▶ Task
Produce an exact copy of the lines from the line containing "thumbnail image 1" through the last line of the entries below, and only those lines.

▶ Data shown
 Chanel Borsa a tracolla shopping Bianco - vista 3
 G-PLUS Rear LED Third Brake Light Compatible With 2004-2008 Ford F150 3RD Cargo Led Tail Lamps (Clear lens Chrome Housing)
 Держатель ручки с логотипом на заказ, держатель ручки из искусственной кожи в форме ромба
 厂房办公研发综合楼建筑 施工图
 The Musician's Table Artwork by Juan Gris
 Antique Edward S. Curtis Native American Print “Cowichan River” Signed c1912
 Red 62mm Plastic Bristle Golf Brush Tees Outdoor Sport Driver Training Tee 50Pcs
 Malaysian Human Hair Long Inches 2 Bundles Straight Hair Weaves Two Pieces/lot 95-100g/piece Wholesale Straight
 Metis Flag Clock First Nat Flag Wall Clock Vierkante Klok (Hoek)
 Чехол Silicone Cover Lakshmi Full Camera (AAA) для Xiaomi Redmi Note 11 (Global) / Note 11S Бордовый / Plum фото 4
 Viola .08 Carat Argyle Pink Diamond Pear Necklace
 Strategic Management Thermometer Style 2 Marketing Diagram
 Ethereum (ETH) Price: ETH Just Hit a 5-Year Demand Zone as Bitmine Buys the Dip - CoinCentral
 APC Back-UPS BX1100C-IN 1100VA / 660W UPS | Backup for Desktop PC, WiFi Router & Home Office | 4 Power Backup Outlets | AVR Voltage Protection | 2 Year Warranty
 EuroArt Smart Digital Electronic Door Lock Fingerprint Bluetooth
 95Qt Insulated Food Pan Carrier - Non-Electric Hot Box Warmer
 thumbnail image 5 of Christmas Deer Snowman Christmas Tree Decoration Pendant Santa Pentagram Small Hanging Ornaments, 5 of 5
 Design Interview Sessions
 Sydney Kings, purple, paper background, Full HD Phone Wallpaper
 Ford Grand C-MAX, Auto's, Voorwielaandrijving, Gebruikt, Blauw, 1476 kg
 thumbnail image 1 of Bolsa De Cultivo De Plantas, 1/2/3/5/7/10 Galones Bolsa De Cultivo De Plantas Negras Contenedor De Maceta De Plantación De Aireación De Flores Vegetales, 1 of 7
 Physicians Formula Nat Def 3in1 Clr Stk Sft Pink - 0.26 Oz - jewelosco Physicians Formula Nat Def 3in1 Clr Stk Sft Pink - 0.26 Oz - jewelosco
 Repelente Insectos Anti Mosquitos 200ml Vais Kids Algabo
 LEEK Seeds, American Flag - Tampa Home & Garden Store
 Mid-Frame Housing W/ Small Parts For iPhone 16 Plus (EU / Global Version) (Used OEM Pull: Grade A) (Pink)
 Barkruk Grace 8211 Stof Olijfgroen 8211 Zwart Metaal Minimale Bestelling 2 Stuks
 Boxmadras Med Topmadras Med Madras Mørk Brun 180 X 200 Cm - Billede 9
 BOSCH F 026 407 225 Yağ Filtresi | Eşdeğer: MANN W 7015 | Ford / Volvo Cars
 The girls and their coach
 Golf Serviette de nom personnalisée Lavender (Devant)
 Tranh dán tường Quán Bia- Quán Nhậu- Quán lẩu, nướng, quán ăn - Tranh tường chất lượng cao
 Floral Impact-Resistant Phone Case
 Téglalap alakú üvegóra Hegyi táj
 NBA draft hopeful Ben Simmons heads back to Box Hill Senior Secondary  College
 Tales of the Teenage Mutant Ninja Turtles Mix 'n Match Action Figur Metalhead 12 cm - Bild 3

▶ Your solution
 thumbnail image 1 of Bolsa De Cultivo De Plantas, 1/2/3/5/7/10 Galones Bolsa De Cultivo De Plantas Negras Contenedor De Maceta De Plantación De Aireación De Flores Vegetales, 1 of 7
 Physicians Formula Nat Def 3in1 Clr Stk Sft Pink - 0.26 Oz - jewelosco Physicians Formula Nat Def 3in1 Clr Stk Sft Pink - 0.26 Oz - jewelosco
 Repelente Insectos Anti Mosquitos 200ml Vais Kids Algabo
 LEEK Seeds, American Flag - Tampa Home & Garden Store
 Mid-Frame Housing W/ Small Parts For iPhone 16 Plus (EU / Global Version) (Used OEM Pull: Grade A) (Pink)
 Barkruk Grace 8211 Stof Olijfgroen 8211 Zwart Metaal Minimale Bestelling 2 Stuks
 Boxmadras Med Topmadras Med Madras Mørk Brun 180 X 200 Cm - Billede 9
 BOSCH F 026 407 225 Yağ Filtresi | Eşdeğer: MANN W 7015 | Ford / Volvo Cars
 The girls and their coach
 Golf Serviette de nom personnalisée Lavender (Devant)
 Tranh dán tường Quán Bia- Quán Nhậu- Quán lẩu, nướng, quán ăn - Tranh tường chất lượng cao
 Floral Impact-Resistant Phone Case
 Téglalap alakú üvegóra Hegyi táj
 NBA draft hopeful Ben Simmons heads back to Box Hill Senior Secondary  College
 Tales of the Teenage Mutant Ninja Turtles Mix 'n Match Action Figur Metalhead 12 cm - Bild 3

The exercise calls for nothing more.